The Supreme Court has also rejected bill of attainder challenges to state and local rules imposing employment qualifications, as long as those employment qualifications were not punitive. For instance, in Garner v. Board of Public Works, the Supreme Court considered bill of attainder challenges to a provision of the Charter of the City of Los Angeles barring from public employment any person who within the last five years had been affiliated with a group that advocated the forceful overthrow of the government, and a city ordinance requiring public employees to state whether they had ever been members of the Communist Party.[25] The Court upheld both provisions, holding that a bill of attainder must inflict punishment, and the Court was "unable to conclude that punishment is imposed by a general regulation which merely provides standards of qualification and eligibility for employment."[26] Similarly, in De Veau v. Braisted, the Supreme Court rejected a bill of attainder challenge to a state law that prevented any person who had been convicted of a felony and had not been pardoned from serving as an officer or agent for certain labor organizations.[27] A plurality of the Court held that the law "embodies no further implications of appellant's guilt than are contained in his . . . judicial conviction; and so it manifestly is not a bill of attainder."[28]

The state Bill of Attainder Clause is part of a single sentence of the Constitution that provides, "No State shall . . . pass any Bill of Attainder, ex post facto Law, or Law impairing the Obligation of Contracts."[29] In Fletcher v.
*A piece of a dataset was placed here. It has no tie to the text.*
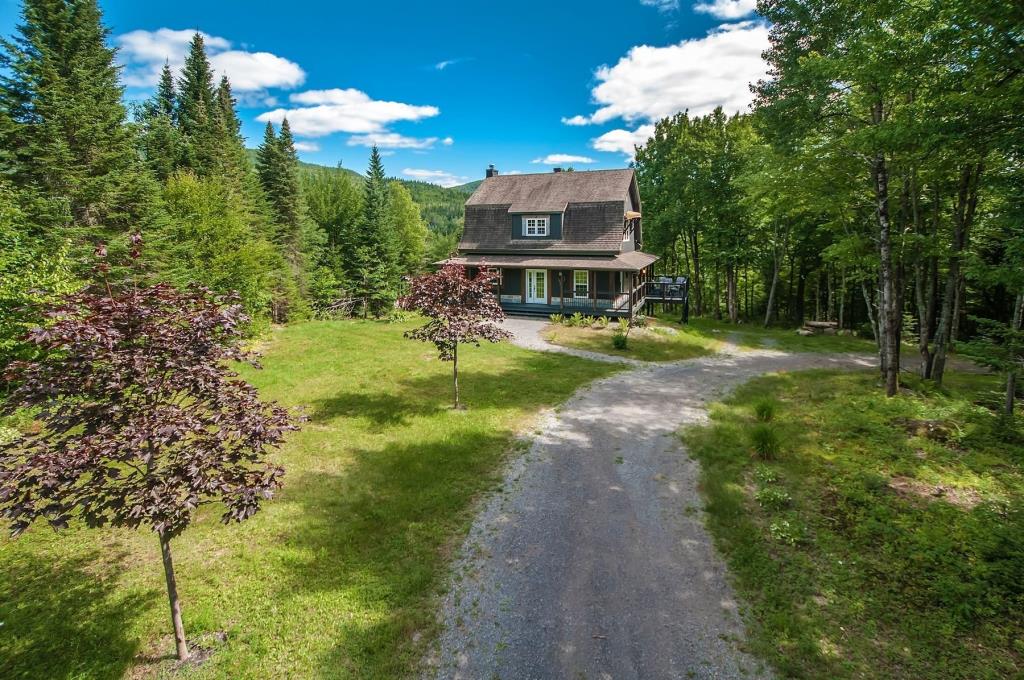 Sublime maison champêtre sise sur un terrain boisé de 173 476 pi² longeant une rivière avec plage privée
Peck, Chief Justice John Marshall stated that those restrictions on state legislative power "may be deemed a bill of rights for the people of each state."[30] The Supreme Court has held that the state Ex Post Facto Clause[31] and the Contract Clause,[32] also located in Article I, Section 10, Clause 1, apply only to legislative action and do not apply to judicial decisions.[33] The Court has not expressly considered whether the state Bill of Attainder Clause similarly excludes judicial action, but because it is located in the same provision barring states from "pass[ing]" prohibited laws, it is likely the Court would interpret this clause in the same way.

State Ex Post Facto Laws[edit | edit source]

An ex post facto law is a law that imposes criminal liability or increases criminal punishment retroactively.[34] Two separate clauses of the Constitution, Article I, Sections 9 and 10, ban enactment of ex post facto laws by the Federal Government and the states, respectively.[35] The Supreme Court has cited cases interpreting the federal Ex Post Facto Clause in challenges under the state clause, and vice versa, treating the two clauses as having the same scope.[36] The Court's decisions interpreting both clauses are therefore discussed collectively in greater detail in the Article I, Section 9 essays on the federal Ex Post Facto Clause.[37] In particular, those essays on federal and state ex post facto laws discuss Supreme Court jurisprudence addressing imposing or increasing punishments, procedural changes, employment qualifications, retroactive taxes, inapplicability to judicial decisions, and deportation and related issues.

The Supreme Court has interpreted the Ex Post Facto Clauses to limit only legislation that is criminal or penal in nature,[38] though the Court has also made clear that "the ex post facto effect of a law cannot be evaded by giving a civil form to that which is essentially criminal."[39] In addition, the Court has uniformly applied the prohibition on ex post facto legislation only to laws that operate retroactively.[40] In the 1798 case Calder v. Bull, the Court enumerated four ways in which a legislature may violate the Ex Post Facto Clauses' prohibition on imposing retroactive criminal liability: (1) making criminal an action taken before enactment of the law that was lawful when it was done; (2) increasing the severity of an offense after it was committed; (3) increasing the punishment for a crime after it was committed; and (4) altering the rules of evidence after an offense was committed so that it is easier to convict an offender.[41] The Ex Post Facto Clauses are related to other constitutional provisions that limit retroactive government action, including the federal and state Bill of Attainder Clauses, the Contract Clause, and the Due Process Clauses.[42]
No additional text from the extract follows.